Bruno Giussani est constamment à la recherche de nouvelles idées et d’orateurs intéressants. Il avait ainsi pu convaincre le commandant de l’OTAN James Stavridis ou encore la spécialiste des sciences de l’éducation Daphne Koller de venir présenter leurs idées à Edimbourg.

Les conférences TED existent aussi, sous une autre forme, sur le plan local. Le 12 avril aura ainsi lieu la première conférence TEDx du Tessin, TEDXLugano. Le «x» signifie que la conférence est indépendante des conférences TED d’origine, mais qu’elle a adopté ses lignes directives.

L’initiative tessinoise émane d’étudiants de l’Université américaine Franklin de Lugano-Sorengo. Des orateurs de l’économie, des sciences, du sport et de l’industrie du divertissement sont annoncés.

Des conférences TEDx ont lieu dans le monde entier. En Suisse, les villes de Genève, Lausanne, Zurich, Zoug en ont déjà accueilli.

Du Tessin à Rio

«Parfois, les discours qui ont le plus d’effet sont ceux d’orateurs peu connus», précise Bruno Giussani. Grâce à leur diffusion sur Internet, les discours obtiennent ensuite une certaine notoriété. Les préparatifs battent actuellement leur plein pour la prochaine conférence TEDGlobal, du 5 au 10 octobre à Rio de Janeiro.

Avant de devenir «curateur d’idées», Bruno Giussani a étudié les sciences sociales à Genève puis est devenu journaliste en 1989. Dans les années 1990, il a aussi dirigé la mise en ligne du magazine romand L’Hebdo, tout en ayant une chronique dans le New York Times.

Au Tessin, il a participé en 1995 à la fondation de Tinet, le premier fournisseur d’accès Internet de la Suisse italophone. Il est aussi vice-président de l’entreprise de logiciels Tinext, qui a développé le site internet de la chaîne Al Arabiya, concurrente de Al-Jazeera.

Bruno Giussani a écrit pour des médias suisses et internationaux (NZZ, La Repubblica et Libération, entre autres). Il a eu une bourse à l’Université de Stanford. De 1998 à 2000, il s’est occupé du site du World Economic Forum (WEF). Il organise aussi chaque année le Forum des 100 à Lausanne, avec le magazine L’Hebdo, une rencontre s’inspirant des TED.

Encore des liens avec le journalisme

«A certains égards, mon activité actuelle garde des liens avec le journalisme», poursuit le Suisse. Mais au lieu d’écrire sur les idées intéressantes de certaines personnes, il les fait venir sur scène. «Souvent, je discute pendant des heures avec les invités à propos de la manière dont ils veulent se présenter au public.» Une mission qui lui a aussi été attribuée pour la conférence anniversaire de Vancouver.
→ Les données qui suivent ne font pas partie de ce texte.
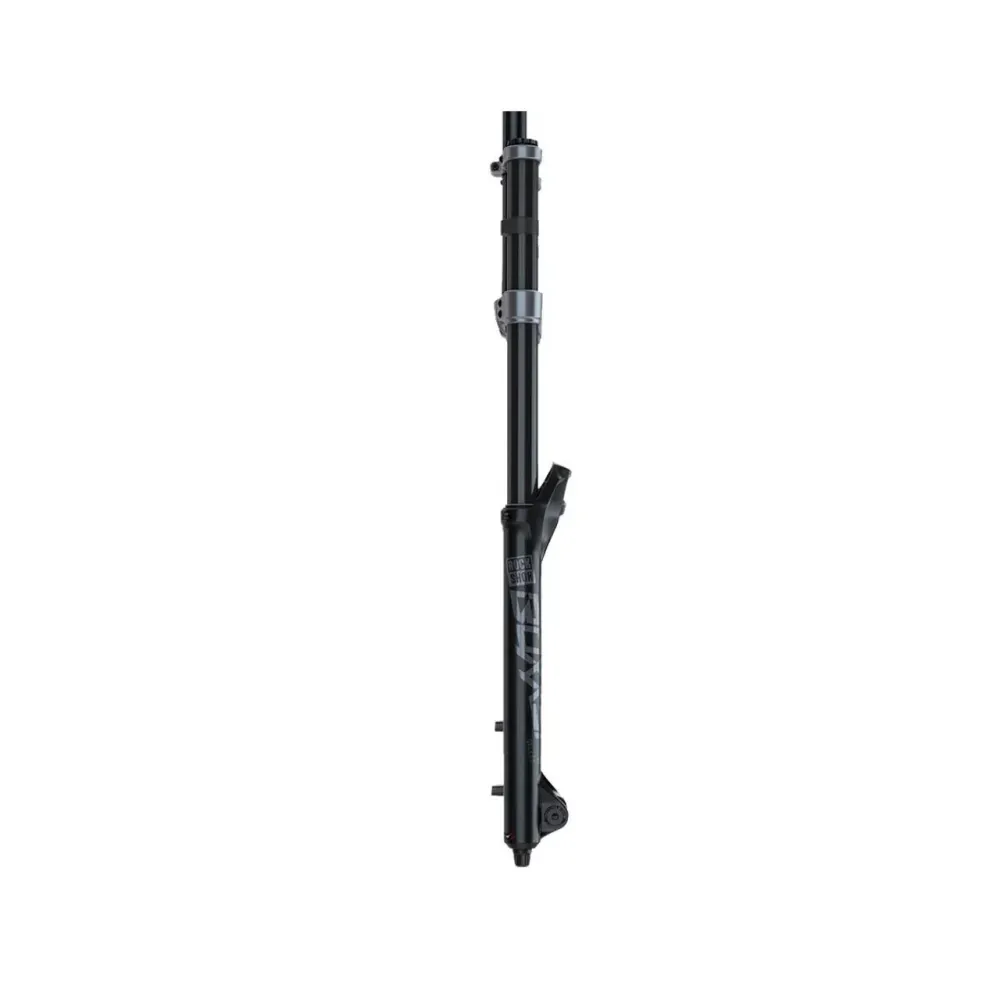 Widelec ROCKSHOX BOXXER SELECT CHARGER RC 27,5" Oś 20x110mm Boost Matt Black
Ses activités internationales n’ont pas empêché Bruno Giussani de rester attaché à son canton d’origine. «C’est un bel endroit, pas trop peuplé, mais il est dommage que les Tessinois se disputent autant…», dit-il. Et son bagage virtuel ne l’empêche pas de passer du temps à lire les journaux imprimés le dimanche, «car mon cœur va encore vers le papier.»